Palko v. Connecticut — Study Outline

I. Case Overview

  • Case: Palko v. Connecticut
  • Citation: Palko v. Connecticut, 302 U.S. 319 (1937)
  • Category: Constitutional Law

II. Facts

Frank Palko was charged in Connecticut with first-degree murder after a robbery led to the killing of two police officers. At his first trial, the jury found him guilty of second-degree murder, and he received a life sentence. Connecticut law permitted the State to appeal on questions of law. The State appealed, and the state's highest court reversed the conviction based on trial errors and ordered a new trial. At the second trial, Palko was convicted of first-degree murder and sentenced to death. Palko sought review in the U.S. Supreme Court, arguing that the State's successful appeal and his retrial for a more serious offense violated the Fifth Amendment's Double Jeopardy Clause, which he contended was applicable to the states through the Fourteenth Amendment's Due Process Clause.

III. Issue

Does the Fourteenth Amendment's Due Process Clause incorporate the Fifth Amendment's Double Jeopardy Clause so as to bar a state from retrying a defendant and imposing a harsher sentence after the State successfully appeals the first conviction?

IV. Rule

Under the Fourteenth Amendment's Due Process Clause, only those rights that are of the very essence of a scheme of ordered liberty—principles of justice so rooted in the traditions and conscience of our people as to be ranked as fundamental—are incorporated against the states. Not all provisions of the Bill of Rights apply to the states; only those deemed fundamental to due process are enforced against them.

V. Holding

No. The Double Jeopardy Clause was not, at the time, considered a fundamental right applicable to the states through the Fourteenth Amendment. Connecticut's statute permitting the State to appeal and retry Palko did not violate due process.

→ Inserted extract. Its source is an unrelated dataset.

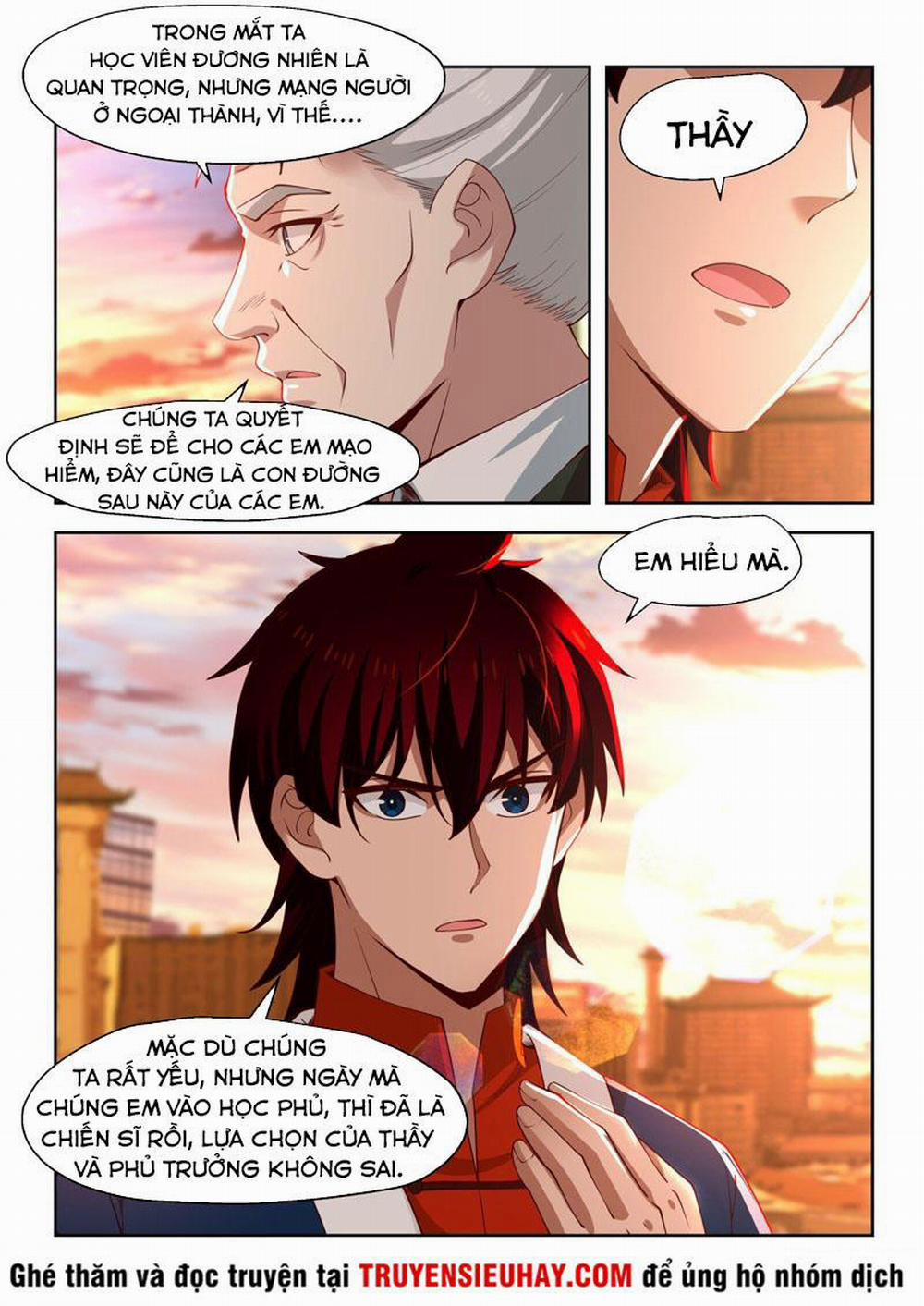 Vạn Tộc Chi Kiếp 24 trang 1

The conviction and death sentence were affirmed.

VI. Reasoning

Justice Cardozo, writing for the Court, rejected the view that the Fourteenth Amendment automatically applies all of the Bill of Rights to the states. Instead, he advanced a selective approach, under which the Court identifies on a case-by-case basis those rights that are fundamental to the American system of justice. Cardozo explained that some liberties—such as freedom of thought and speech—are of the very essence of ordered liberty and are therefore obligatory on the states, while others, though important, are not essential in the same sense. Applying this framework, the Court reasoned that the Double Jeopardy Clause did not occupy the same privileged position as the most fundamental rights. Cardozo emphasized that retrial following reversal is a familiar practice in American law and that allowing a state to correct trial errors by appeal does not inevitably produce the type of oppression or arbitrary action due process forbids. In Palko's case, the state court's reversal rested on legal error at the first trial; the subsequent proceeding was not a harassing, repetitive prosecution but a single, corrected retrial aimed at reaching a legally proper verdict. Thus, the Court concluded, the practice did not offend fundamental fairness. Because the Double Jeopardy Clause was not deemed fundamental under the "ordered liberty" test, it was not incorporated against the states, and Connecticut's procedure stood. The Court's opinion distinguished between the wholesale application of the Bill of Rights and a more discriminating inquiry into which protections are indispensable to fairness. It thereby entrenched the selective incorporation methodology, even as it declined to include double jeopardy within the set of rights incorporated at that time.

VII. Significance

Palko is pivotal for articulating selective incorporation: only rights fundamental to ordered liberty apply to the states through the Fourteenth Amendment. While its specific holding on double jeopardy was overruled by Benton v. Maryland (1969), the case remains vital for its methodology and for understanding the evolution of incorporation. It frames how later cases—such as Duncan v. Louisiana (jury trial), Mapp v. Ohio (exclusionary rule), and Malloy v. Hogan (self-incrimination)—evaluated which protections are fundamental. For students, Palko illustrates how the Court balances historical tradition, functional necessity, and normative judgments about fairness in deciding what due process requires of the states.

VIII. Conclusion

Palko v. Connecticut occupies a central place in constitutional law, not because its outcome endured, but because its reasoning crystallized the Court's selective incorporation framework. By distinguishing between rights essential to ordered liberty and those that are not, the Court provided a method for extending core constitutional protections to the states while permitting doctrinal evolution.